• [WHAT THIS TASK INVOLVES]: Within the lines below, the span from the line with "STRIPE - SS07S149" to the line with "Poussette compacte SimpliCity", both ends included, is to be reproduced exactly, with pictures omitted.
--- START ---
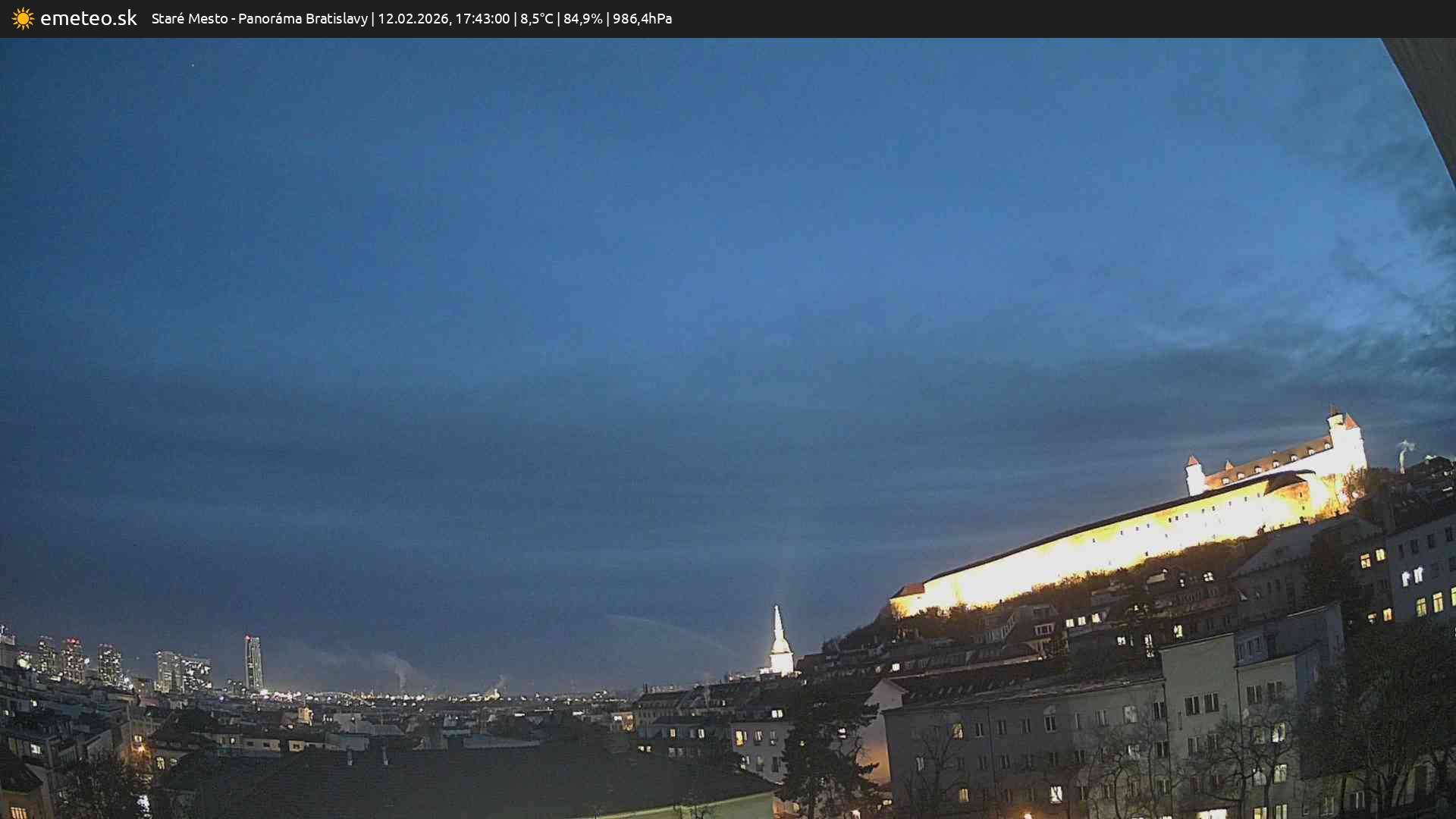 Panoráma Bratislavy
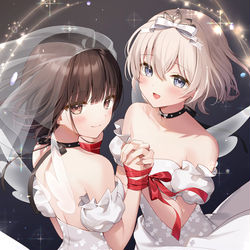 This is a pixiv picture whose title is 私たち、永遠だね。.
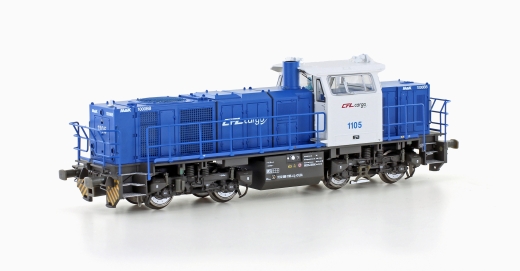 Mehano 90552 - Locomotive diesel Vossloh G1000 CFL Cargo, Ep.VI, DCC Sound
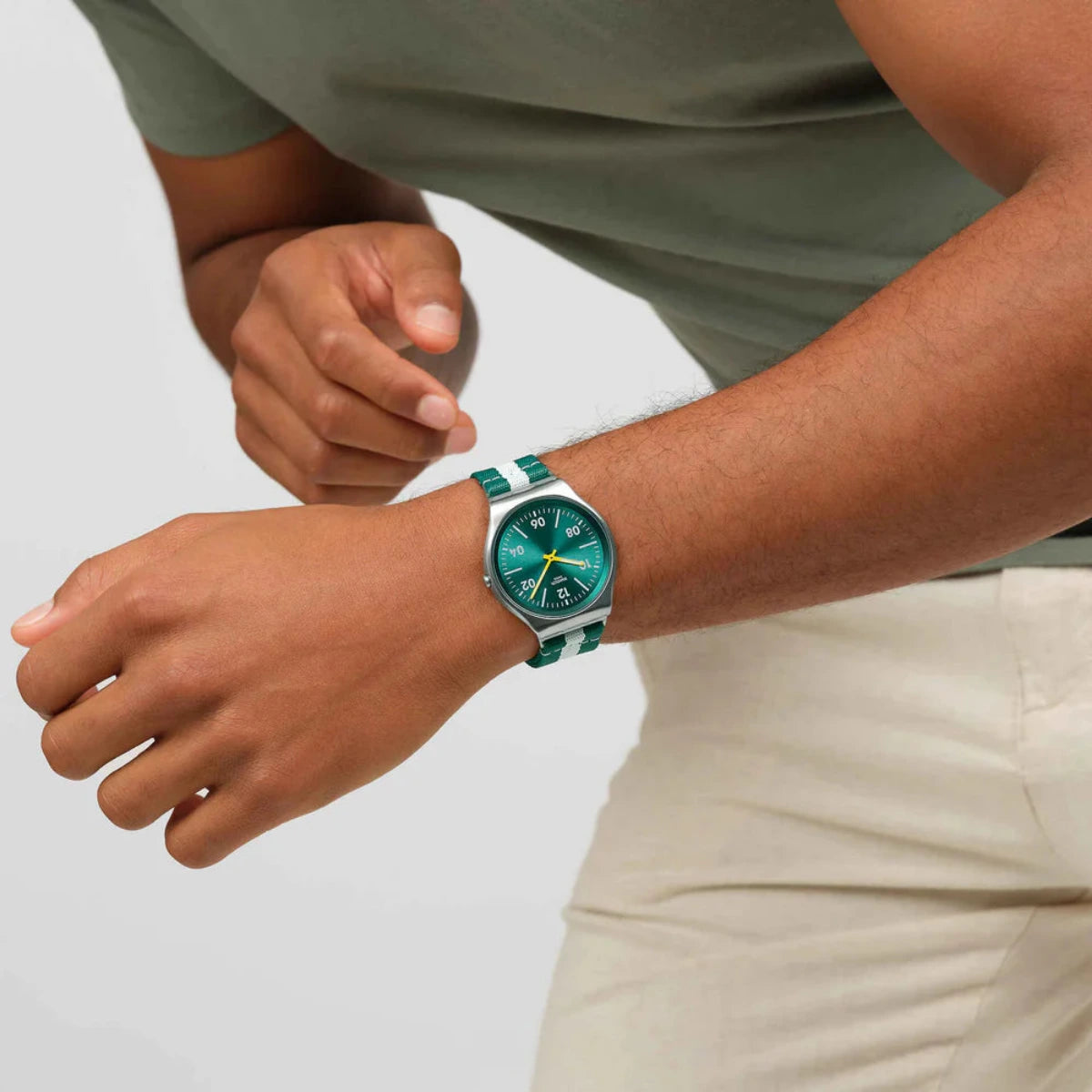 Swatch -  CASUAL STRIPE - SS07S149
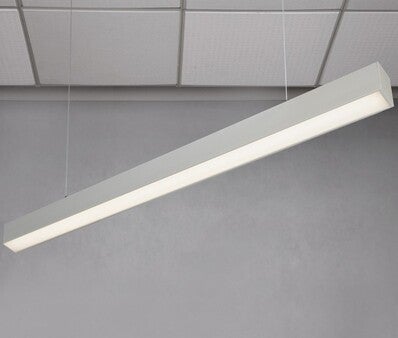 Oprawa biurowa Dallas 38W 4000lm srebrna 1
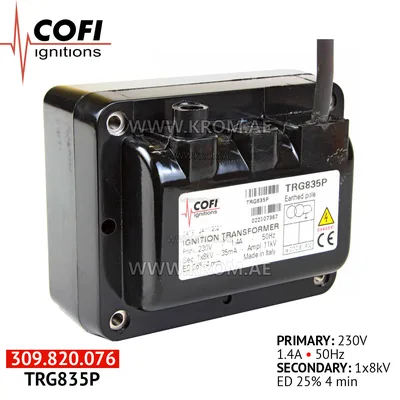 Cofi TRG835P ignition transformer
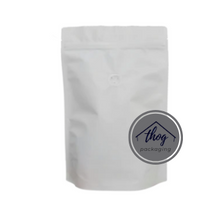 Load image into Gallery viewer, Stand Up Pouch Zip Lock Aluminum Matte Color w/ Coffee Valve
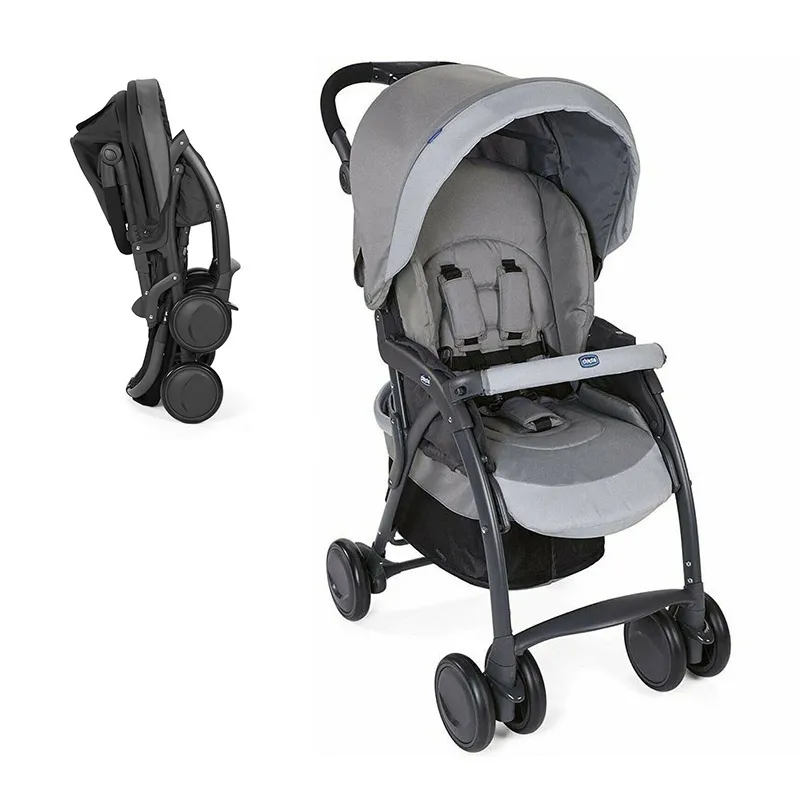 Poussette compacte SimpliCity Plus Top Gris - 0m+-0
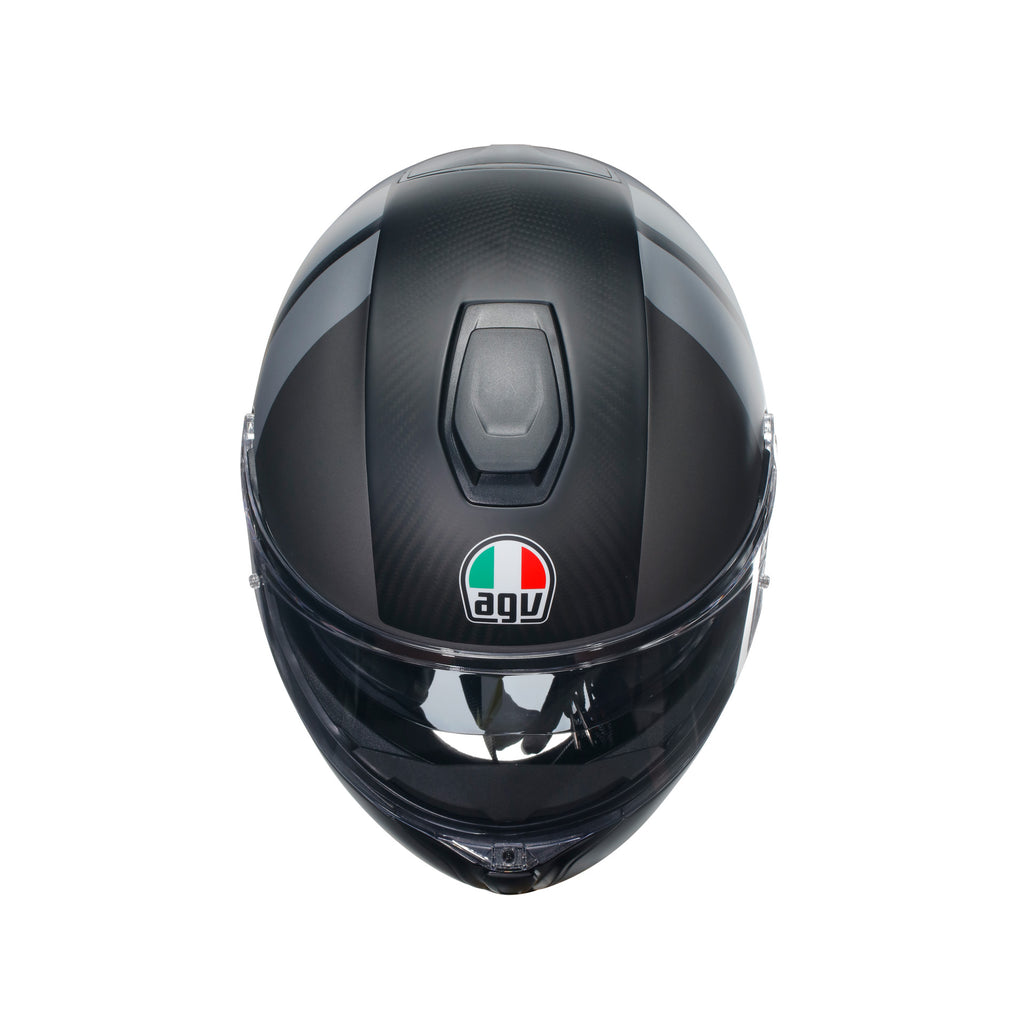 AGV Sportmodular Overlay Carbon Helmet Asian fit (FREE HEVIK HELMET BAG)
--- END ---
• [SOLUTION TO THIS TASK]:
 Swatch -  CASUAL STRIPE - SS07S149
 Oprawa biurowa Dallas 38W 4000lm srebrna 1
 Cofi TRG835P ignition transformer
 Load image into Gallery viewer, Stand Up Pouch Zip Lock Aluminum Matte Color w/ Coffee Valve
 Poussette compacte SimpliCity Plus Top Gris - 0m+-0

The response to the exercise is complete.